The Fight Against MS-13

<B>Dan Rather</b> On Difficult Fight Against Dangerous Gang


"MS13 has rules, you understand?," says Ismael Cisneros, who is serving life in prison for Brenda's murder. "And when you break the rules, we all have to decide if you deserve to die."

Talking to police, Cisneros says, was breaking one of the gangs rules.

"I considered her a friend. She was a gang member. She was a home boy. That's what we called one another in the gang," he says.

And as a homeboy, Brenda knew the rules. She had initially gone into the federal witness protection program, but after she got pregnant, she was so isolated that she went back to Virginia. She was convinced that no one knew she was working with police. But Det. Freeman, who investigated Brenda's death, said the gang was spying on its own members.

"Mr. Cisneros was recorded and he's actually talking about conducting a private investigation into whether or not she's cooperating with law enforcement," says Freeman.

Not only does MS-13 conduct investigations of its own, but like a corporate organization, most cliques have regular meetings where they discuss recruiting, money and murder – what they call a "greenlight."

According to witnesses, the gang took a unanimous vote in a hotel that Brenda should be assassinated. The next morning, she was lured away on a fishing trip with her new boyfriend, Oscar Grande, and her friend, Ismael Cisneros.

A former MS-13 member who is now in jail on an ammunition possession charge and asked 60 Minutes not to use his name, went with them.

"I was facing the river. You know, I was watching, I was enjoying the view. Was summertime. It was nice place. And they was behind me fixing the fishing pole. And I turn my face. I see for couple seconds that she was get stabbing.

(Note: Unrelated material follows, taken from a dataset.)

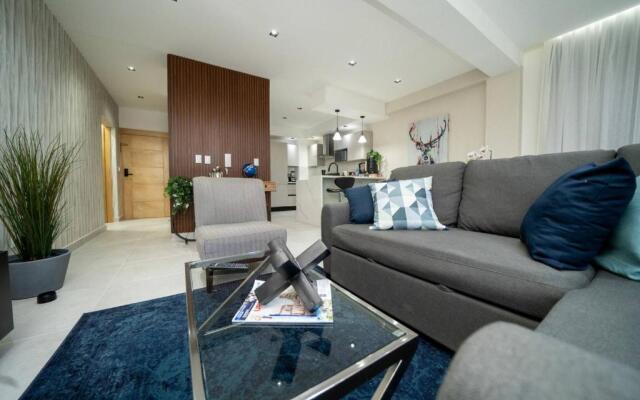 Downtown 1br Cozy Stylish Sleeps4wifigymjacuzzi D7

And I freak out and I run away," he recalled.

Asked to confirm if he saw the stabbing of Brenda Paz, he answered "Yes."

She was stabbed by her boyfriend Oscar Grande and Ismael Cisneros, who later confessed. He said she had called out "Why?" "Because you're a rat" she was told. They stabbed her approximately 13 times.

"One is not born an assassin or born practicing where you have to stab someone to kill a person on the first try. I would have wanted for her not to have suffered, you understand? From the point where I was, it was painful for me. Everything that happened. And it keeps being painful even up to right now," says Cisneros.

But Brenda suffered the ultimate.

"We have all suffered, sir. Brenda suffered, we all suffered. Not only Brenda," Cisneros told 60 Minutes.

The three men were tried, along with another gang member, for Brenda's murder. Cisneros and Grande were convicted and sentenced to life in prison. The third man at the scene, whom prosecutors alleged held a rope around her neck, took the stand in his own defense and was acquitted.

60 Minutes talked to one of Brenda's closest friends in MS-13, who was disguised extensively because of the risk to her life.

What's the most important thing for people to know about the gang?

"They're dangerous. They're very dangerous," she explained.

She was so outraged by her friend's murder that she decided to do what Brenda had done: break ranks and testify.

She says she didn't care that she might be possibly marked for death for testifying. "There's a baby involved. I mean, you have to be sick to actually hold a rope around somebody's neck, hear her screaming and fighting, being tortured and stabbed multiple times in the stomach, legs, and just dying," she said.

She said that Brenda's murder was a sign of how MS-13 was starting to transform itself into a more elaborate criminal organization.

"It's everywhere. There's MS in New York. There's MS in Florida. I mean, they're everywhere. Texas, Virginia, Minnesota," she said.

She says the gang is in the drug trafficking business, and more. "They traffic guns, drugs, whatever. Stolen cars."

And she says the worst thing she saw was rape. "Young girls being taken into the bathroom and one would go in and one would come out. Another one would go in, come out. And you just hear screaming and sometimes just get quiet."

And, authorities say, cliques send representatives to regional meetings, as seen on a police surveillance tape, where they dole out punishment for violating rules and they talk about expansion. And that's increasingly worrying to the head of the investigative division at the FBI, Assistant Director Chris Swecker.

The FBI has just formed a special task force to deal with a big gang for the first time. Why?

"Well, with respect to MS-13, we don't look at them as a typical gang. MS-13 has two characteristics that give us great concern and have drawn our attention. One is that they are extremely violent, and they're proliferating around the country. Two is they're an international criminal organization. They're not confined in the United States. You can find them in five countries. And now even in Europe," says Swecker.